→ EXERCISE INSTRUCTIONS
Without the images, output each record below as it stands.

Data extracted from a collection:
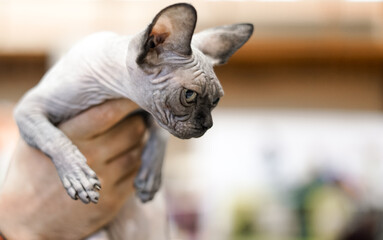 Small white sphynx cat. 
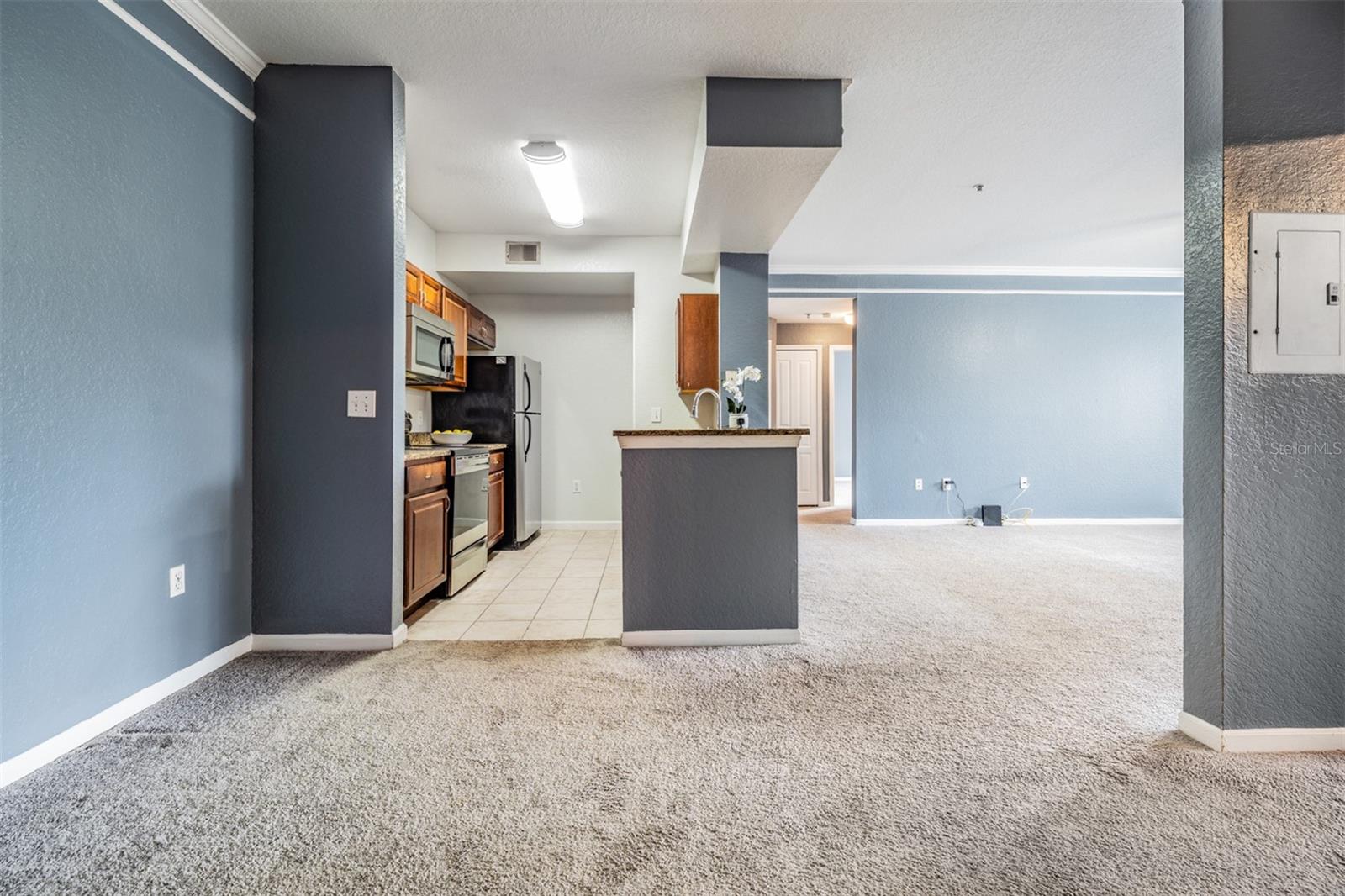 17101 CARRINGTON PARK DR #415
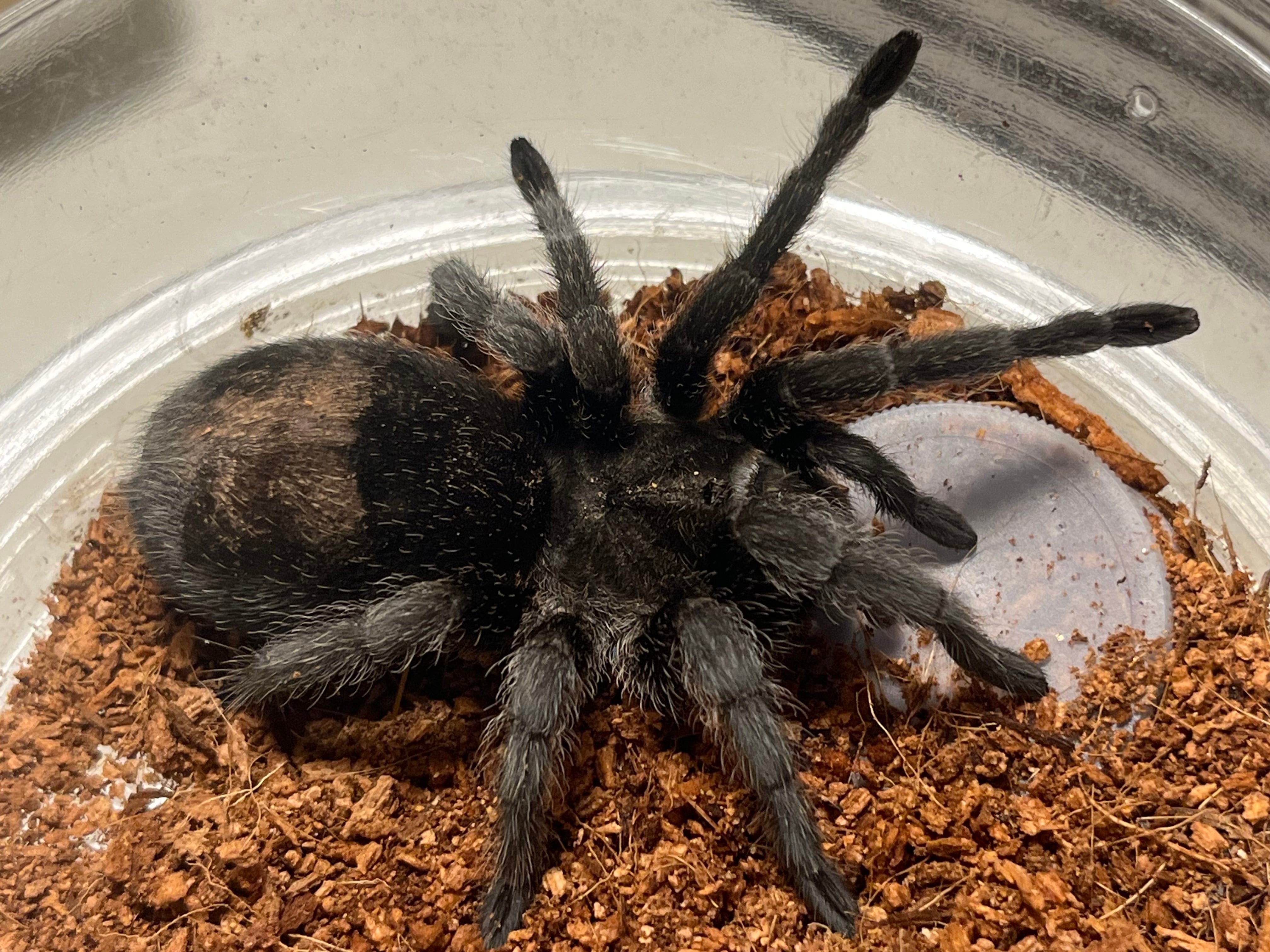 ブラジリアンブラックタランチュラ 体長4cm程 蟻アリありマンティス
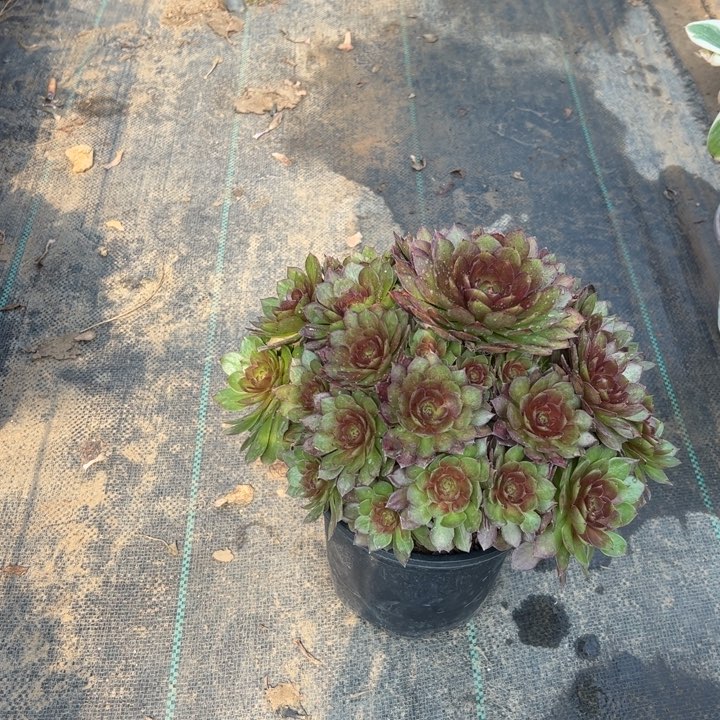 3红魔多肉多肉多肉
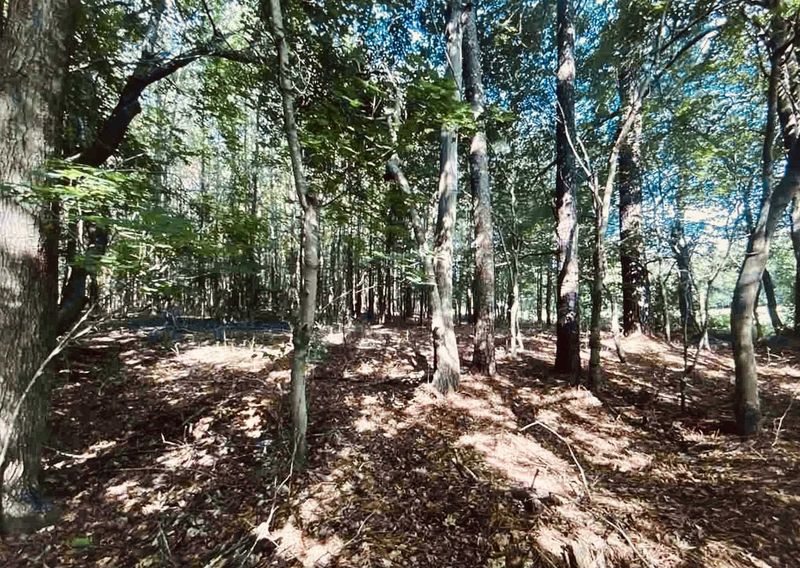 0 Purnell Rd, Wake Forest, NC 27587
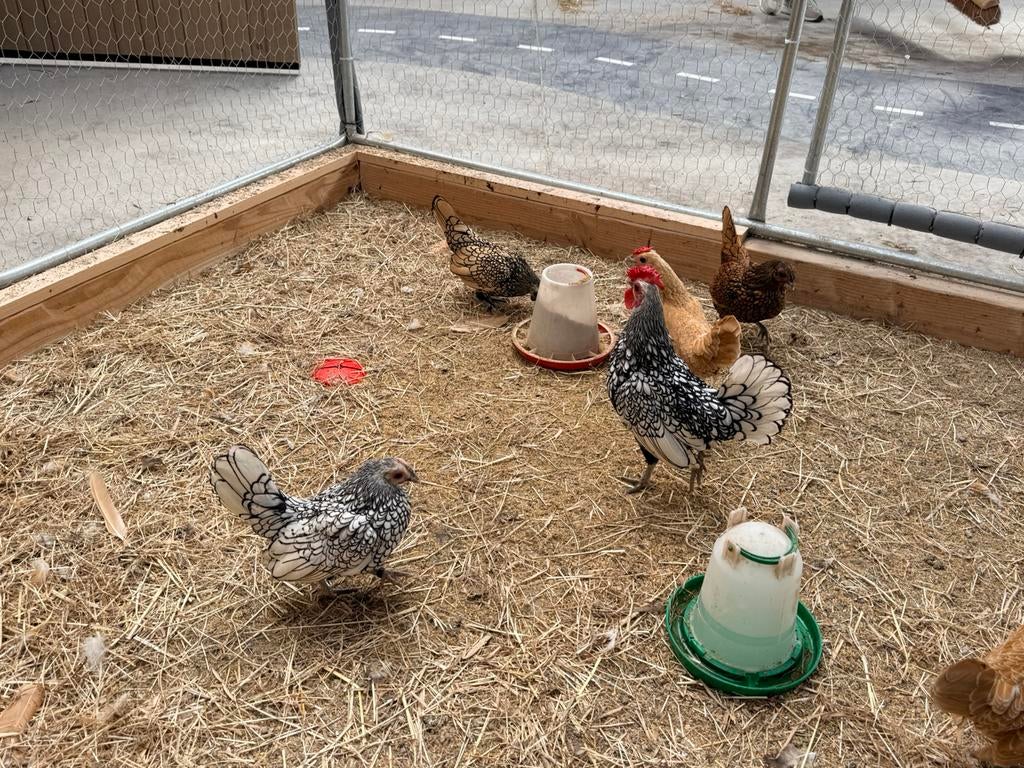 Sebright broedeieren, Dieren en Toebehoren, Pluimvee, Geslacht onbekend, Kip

→ ANSWER BOX
 Small white sphynx cat. 
 17101 CARRINGTON PARK DR #415
 ブラジリアンブラックタランチュラ 体長4cm程 蟻アリありマンティス
 3红魔多肉多肉多肉
 0 Purnell Rd, Wake Forest, NC 27587
 Sebright broedeieren, Dieren en Toebehoren, Pluimvee, Geslacht onbekend, Kip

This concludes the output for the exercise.